■ What to produce
Every line in the records below between the one holding "Stunning And Modern" and the one holding "Jungheinrich DFG550 - Diesel forklift: picture 1 Jungheinrich", inclusive, is to be set down exactly; all other lines are to be left out.

■ Entries provided

☆ ☆ ☆ ☆ ☆ ☆ ☆

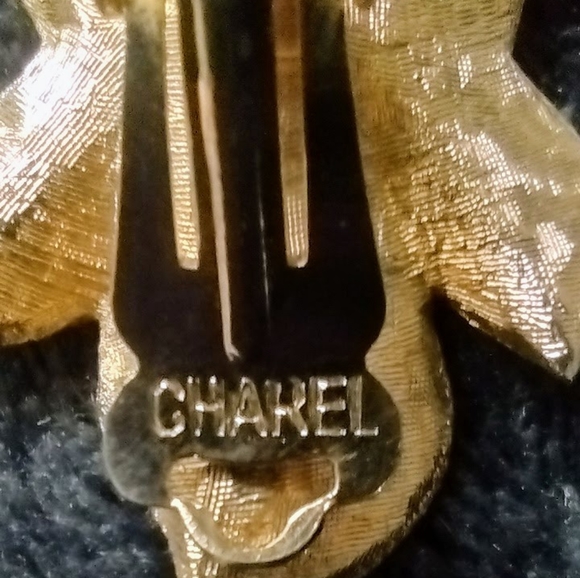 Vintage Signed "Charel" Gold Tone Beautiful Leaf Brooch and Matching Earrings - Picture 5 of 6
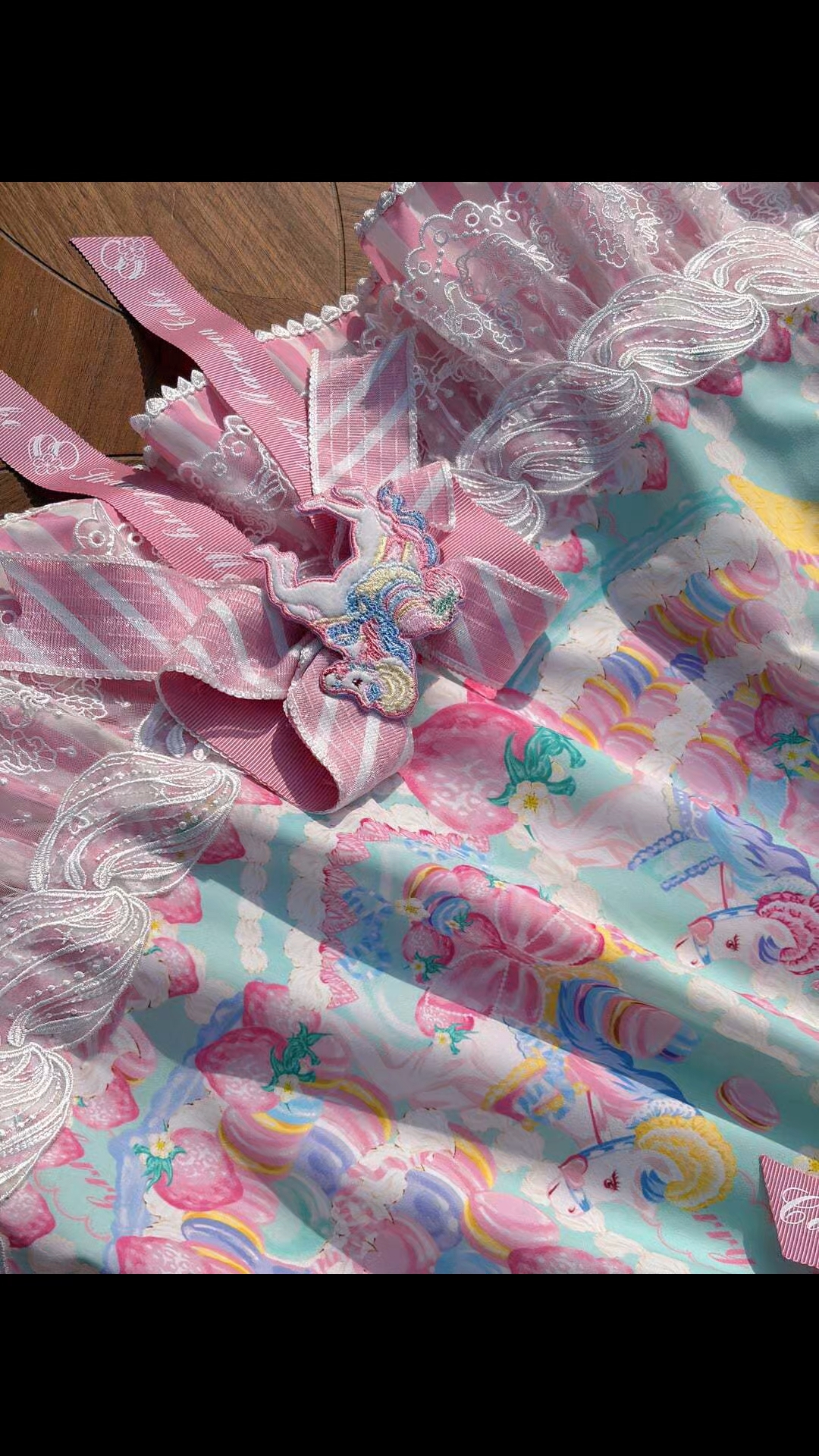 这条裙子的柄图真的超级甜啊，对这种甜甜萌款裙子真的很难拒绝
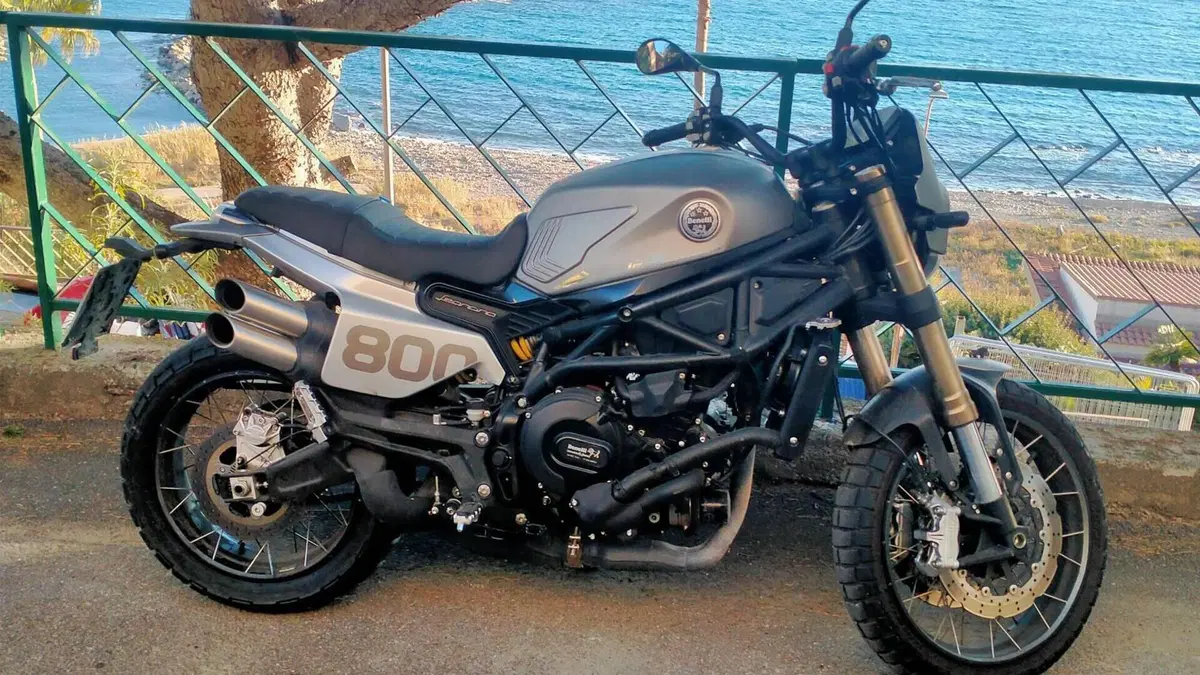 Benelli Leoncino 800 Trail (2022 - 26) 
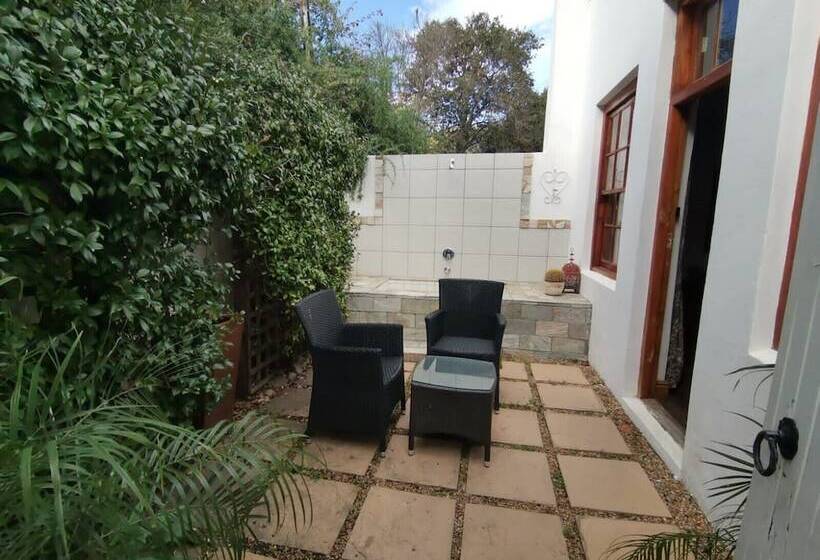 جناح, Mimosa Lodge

☆ ☆ ☆ ☆ ☆ ☆ ☆

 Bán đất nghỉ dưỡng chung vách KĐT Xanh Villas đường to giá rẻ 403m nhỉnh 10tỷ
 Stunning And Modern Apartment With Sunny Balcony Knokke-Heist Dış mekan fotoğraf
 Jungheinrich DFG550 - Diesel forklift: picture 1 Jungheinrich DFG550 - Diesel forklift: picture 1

☆ ☆ ☆ ☆ ☆ ☆ ☆

■ Solved exercise
 Stunning And Modern Apartment With Sunny Balcony Knokke-Heist Dış mekan fotoğraf
 Jungheinrich DFG550 - Diesel forklift: picture 1 Jungheinrich DFG550 - Diesel forklift: picture 1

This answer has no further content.